A friend drove us to the east side of New Orleans and we stepped out beside the Interstate to Miami and stuck out our thumbs.  Good fortune found us a non-stop ride in the camper of a pickup with three fishermen pulling a boat to the Florida Keys.  They dropped us and our backpacks out on a corner.  We attracted two curious University of Miami students who invited us to a party and a place to sleep, with a promise to have us at the airport the next morning, and we did all that.  The jet left Miami bound for Barranquilla, Colombia.  We had no return tickets, and nowhere to go but everywhere.  Karen was eight years younger than me.  I was 28 years old.

We had been on the road for several months before we heard from the United States.  We received our mail at the American Express office in the various countries we passed though.  For cash we used my American Express Gold card to buy traveler’s checks.  The only other way at that time was to have money wired to a bank.

Colombia was where one’s heart would pound from the uncertainty, the violence, the corrupt police, and the drug war prosecuted by the American CIA.  We stayed only about a month before moving south along the Gringo Trail.

Ecuador

From the Señorita with the hens, we found a loft to rent in Ibarra, Ecuador.  It provided us a home for about six months.  We used the casita as a basecamp from which to explore the country.  Ecuador and Guatemala are very similar, and both remain two of our favorite countries.

We traveled around the country by any means available, but never by air.

Adiós Ecuador, Vamos al Perú

From our Ecuadorian casita, we bused to Quito, from there to Huaquillas, the main border crossing from Ecuador into El Perú.  There we took advantage of a favorable exchange rate to convert traveler’s checks into Peruvian soles on the black market.  Knowing that the thieves in El Perú would be awaiting us, we sidetracked to Loja.  The next day we continued to Macará, a discreet border settlement on the river that bears the name of the village.  That evening we paid a truck driver to carry us across the border to Sullana, a desert oasis in northern El Perú.

We bumped through the night, arriving Sullana at dawn, when we found an alojamiento and slept.  That evening we caught a bus that carried us along the Pacific coast to Chimbote, a fishing town with a cannery, where we found another alojamiento and rested.  The next morning, still weary from six days overland travel, we bought a bus ticket to our destination.

The mountain town of Huaraz was our first sojourn in El Perú.  We knocked on doors asking if there was a room for rent.  A family of four, the husband a school teacher, welcomed us.  We stayed almost a month, using Huaraz as our basecamp from which to explore the Cordillera Blanca, the northern mountains of El Perú.  Inside the casa scurried cuy, the Peruvian guinea pig, embraced as house cleaners and, most important, fresh meat. 

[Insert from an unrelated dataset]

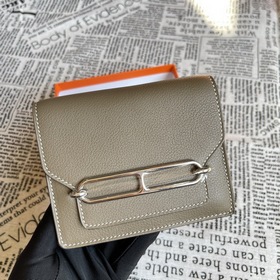 Hermès Rouli Slim сумка через плечо серебряной застежкой Ever Co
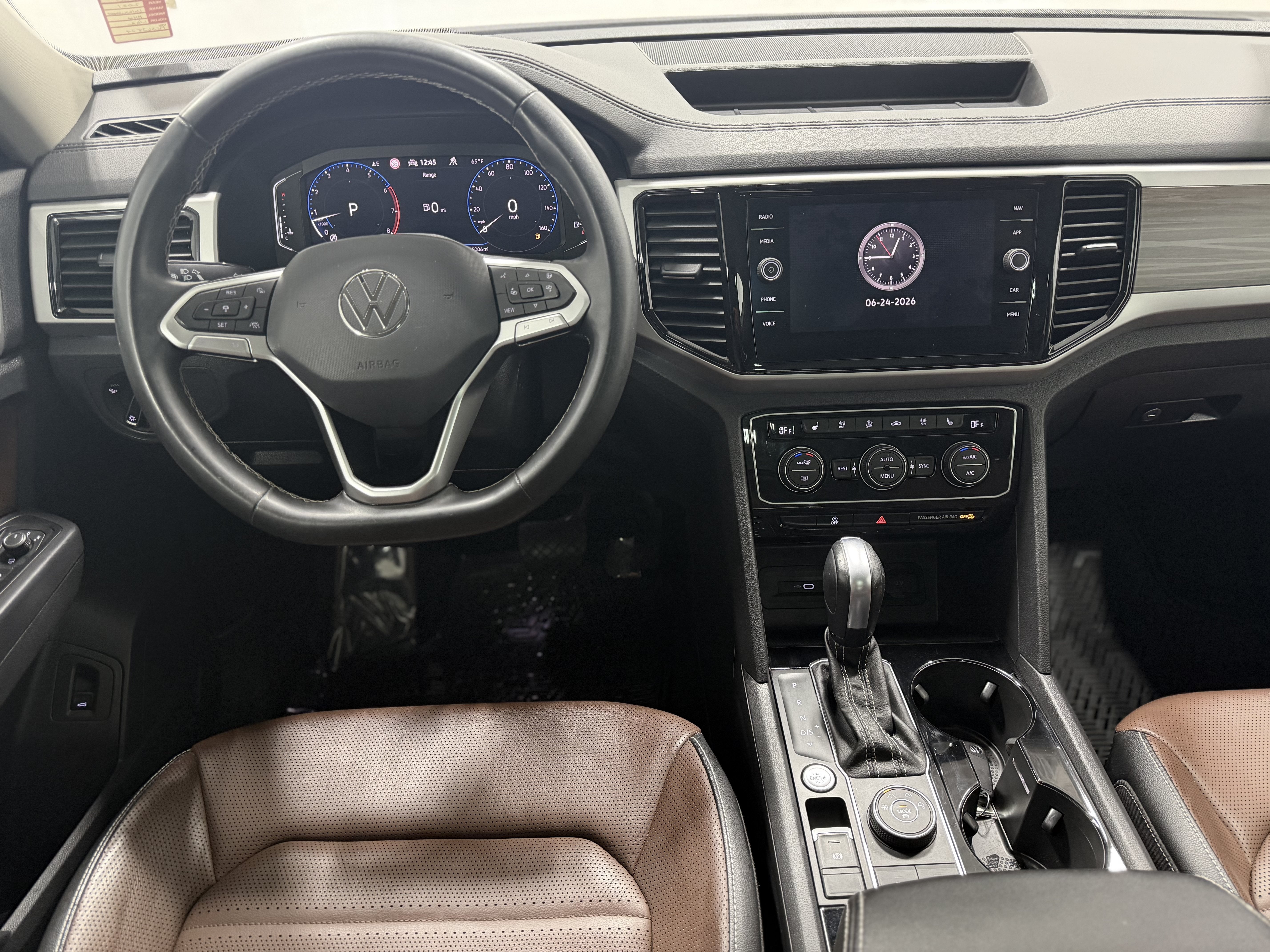 2021 Volkswagen Atlas 3.6L V6 SEL Premium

Our Peruvian hosts found us to be más que extraño, more than just strange, because we would set out walking into mountains totally unknown to us.  When they asked us where we were going, and we answered that we did not know, that no caminamos para llegar, we don’t walk to arrive, they were even more baffled.  When we eventually showed up back at their house, with amazement they bombarded us with endless questions and expressions of astonishment.  When we departed after our sojourn, and they asked us why we were leaving, we answered that the reason we came is the reason we couldn’t stay, and they were still more bewildered.

Lima and Cuzco offered relaxation from our mountain walks.

Departure to Macchu Picchu is from Cuzco.  While the train goes all the way to the ruins, we chose to walk the Inca Trail to arrive.  At Kilometer 88, the train slows, but does not stop, and travelers can jump off.  We did.  The trailhead is found after crossing the foot bridge over the Río Urubamba.

We were alone in Macchu Picchu.  This was well before the day of recreational tourism.  We witnessed sightseeing beginning to increase by 1976.  About that time, local women began to spread their blankets on the sidewalk around the Plaza de Armas and place artesania for sale.

In 2018, between January and June, more than 600,000 tourists descended upon the ruins.  What we witnessed is gone forever.  Now there are restrictions on the number of visitors allowed into the site.

During our travels in El Perú we attended festivals and mingled with the gente.

Bolivia

Lake Titicaca lies on the border of El Perú and Bolivia.  The Bolivian border was closed when we arrived, along with other travelers, so we built a bonfire, spent the night, and cleared Customs the next morning.

From the lake we traveled by bus to the 12,000 feet altitude capital La Paz.  Our dollar room there was large.  Community shower had almost warm water.  We used our personal pad lock for our room key, as customary everywhere.  We enjoyed La Paz as a base from which to venture into the mountains to buy weavings.

Argentina

As we traveled south along the Gringo Trail, we heard travelers recount their experiences in Argentina.  “Be careful” was the common and unanimous theme.  “Police state” was the habitual characterization.  “Be prepared to deal with the police all the time” was a collective cautioning.  Stories included being pulled off buses because of appearance, being denied services because of appearance, being questioned and having passports inspected routinely, being forced to provide your hotel name and room number, having to open your backpack to inspection frequently.  There was a reason for these inconveniences and threats.

The 1976 Argentine coup d’état was a right-wing military coup that overthrew the elected government of Argentina.  The coup was planned in October 1975, with the USA encouraging the generals and heavily involved in the preparations.  After the coup ensued the Dirty War.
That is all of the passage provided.